Can we make the Map.Merge API more expressive?
I wanted to demonstrate partitionKeys recently (https://github.com/haskell/containers/pull/975#issuecomment-2417976839) and realized that the public Map.Merge API is not expressive enough for it.
What I need:
wm1 :: WhenMissing Pair k a a
wm1 = WhenMissing (\t -> Pair empty t) (\_ x -> Pair Nothing (Just x))
Best I can do with the public API:
wm1 :: WhenMissing Pair k a a
wm1 = traverseMaybeMissing (\_ x -> Pair Nothing (Just x))
which is terribly inefficient! (O(1) vs O(n))
Is there a safe way to allow such use cases?
Interesting. My immediate intuition is that there might be a nice way to do this with a Biapplicative analogue of the merge API. I'll try to think later about whether there's a way to do it with just Applicative, but I'm not super optimistic.
Going by the types we need something like
lift2
:: (forall a. m1 a -> m2 a -> n a)
-> WhenMissing m1 k a b
-> WhenMissing m2 k a b
-> WhenMissing n k a b
lift2 f (WhenMissing f1 g1) (WhenMissing f2 g2) =
WhenMissing
(\t -> f (f1 t) (f2 t))
(\k x -> f (g1 k x) (g2 k x))
where f probably needs some laws attached.
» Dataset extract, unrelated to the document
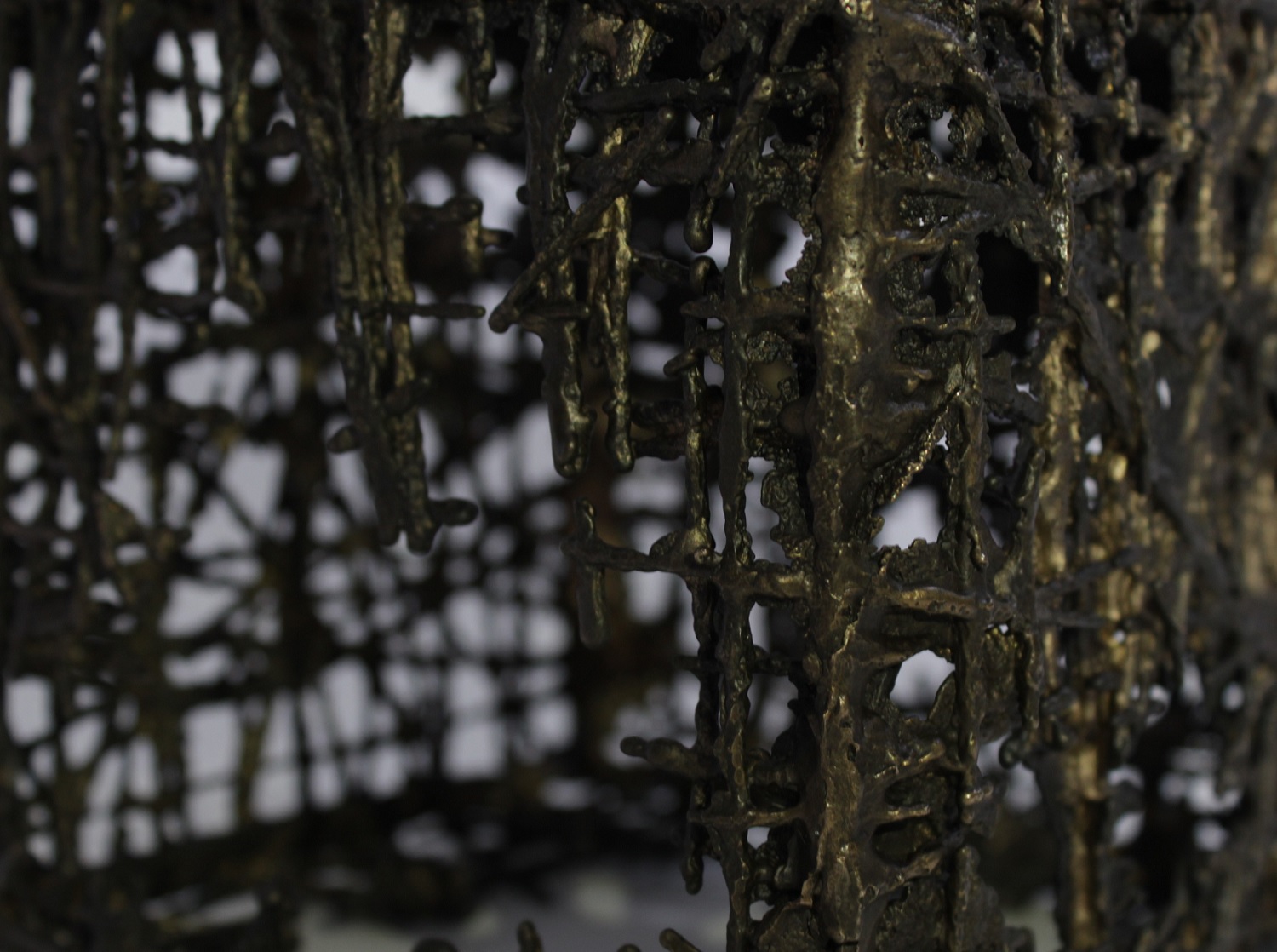 Sculpture by Jo Bellamy. Image of a detail of a larger work. Images shows a close up of a random mesh made of bronze. The whole piece (not visible) is a mesh cube, each side is 12.5cm. The casting process has failed to fully form the mesh which has gaps and there are holes in the structure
Then
wm1 :: WhenMissing Pair k a a
wm1 = lift2 (\(Identity x1) (Identity x2) -> Pair x1 x2) M.dropMissing M.preserveMissing
This seems like https://hackage.haskell.org/package/mmorph territory.
Or perhaps equivalently
import qualified Data.Functor.Product as Prod
hoistMissing :: (forall a. f a -> g a) -> WhenMissing f k a b -> WhenMissing g k a b
hoistMissing f (WhenMissing f1 g1) = WhenMissing (\t -> f (f1 t)) (\k x -> f (g1 k x))
pairMissing
:: WhenMissing m1 k a b
-> WhenMissing m2 k a b
-> WhenMissing (Prod.Product m1 m2) k a b
pairMissing (WhenMissing f1 g1) (WhenMissing f2 g2) =
WhenMissing
(\t -> Prod.Pair (f1 t) (f2 t))
(\k x -> Prod.Pair (g1 k x) (g2 k x))
wm1 :: WhenMissing Pair k a a
wm1 =
hoistMissing
(\(Prod.Pair (Identity x1) (Identity x2)) -> Pair x1 x2)
(pairMissing M.dropMissing M.preserveMissing)
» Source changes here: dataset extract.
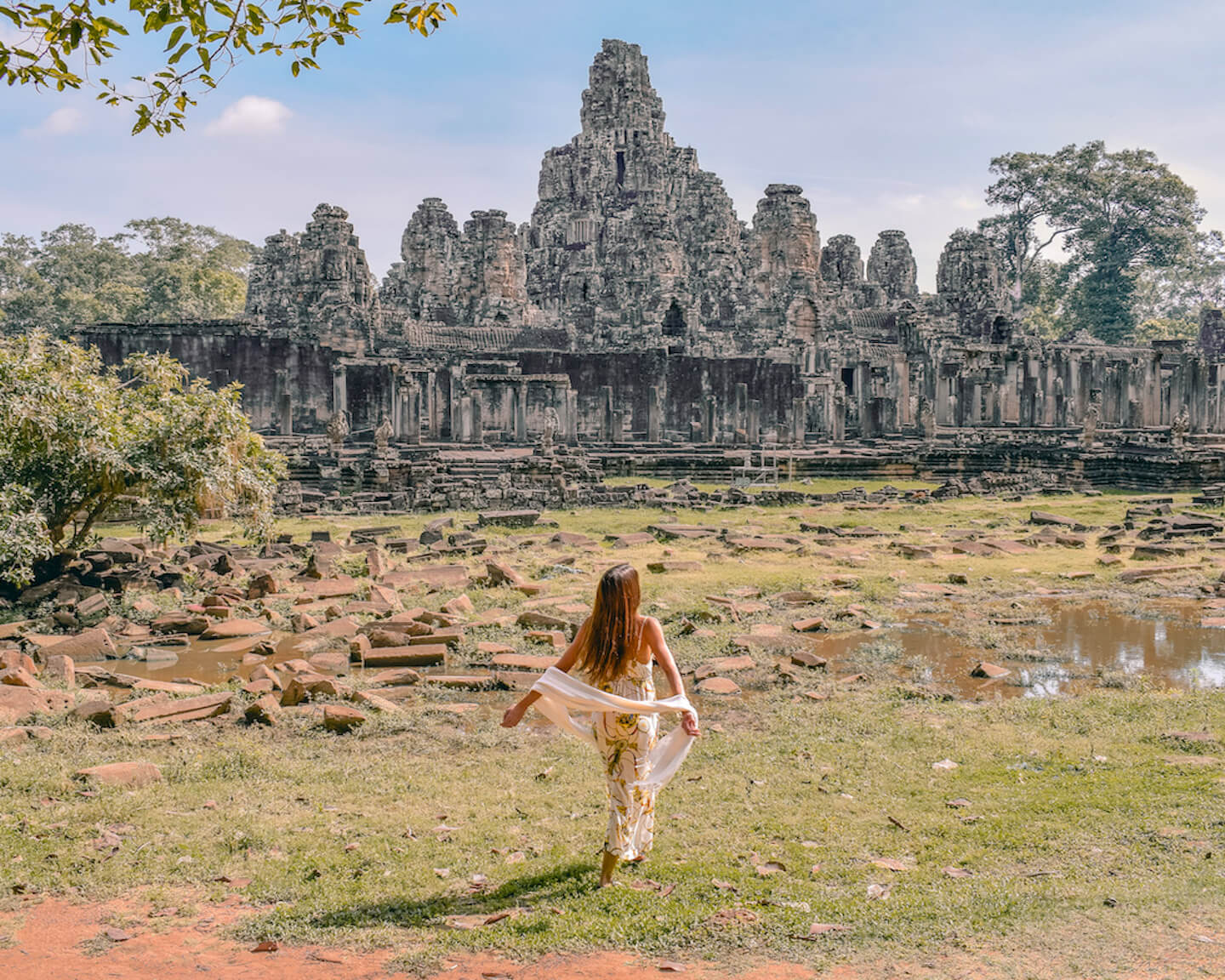 girl in front of Bayon temple ruins in Angkor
Alternately we could expose the constructor with a clear warning:
WARNING: A value
WhenMissing f gmust satisfy the lawf = traverseMaybeWithKey g.
Yet another option is to be able to safely expose the constructor, as in #937, but that has it's own issues.
I was looking at this out of curiosity and have two more laws for WhenMissing (perhaps modulo strictness).
You can define missingKey in terms of missingSubtree and Functor f.
missingKey k x = lookup k <$> missingSubtree (singleton k x)
(In practice you would match bin vs tip rather than lookup.)
missingSubtree must give maps whose keys are subsets of keys of the input map.
missingSubtree x = (`intersection` x) <$> missingSubtree x
Assuming you are working on a functor and not a GADT, the intersection law I think holds freely for your foralled versions since you can't know the type parameter is a map. (You could also do an alternate version foralled over some Ord k that operates on Map ks, but I don't think this adds anything.) I think but am not sure lift2 will need a law expressing that the effects distribute properly (amounting to the key = traverse subtree law).
Your two laws are correct, but they seem equivalent to the traverseMaybeWithKey law.
If missingSubtree = traverseMaybeWithKey missingKey then both are satisfied by the definition of traverseMaybeWithKey.
I think the subset-of-keys property is worth documenting to help the reader though.
I think it's useful to have extra laws in terms of missingSubtree, especially as it's essential to doing many merge operations efficiently. I think the sequencing could be expressed as something like missingSubtree m = unions <$> traverse missingSubtree (splitRoot m).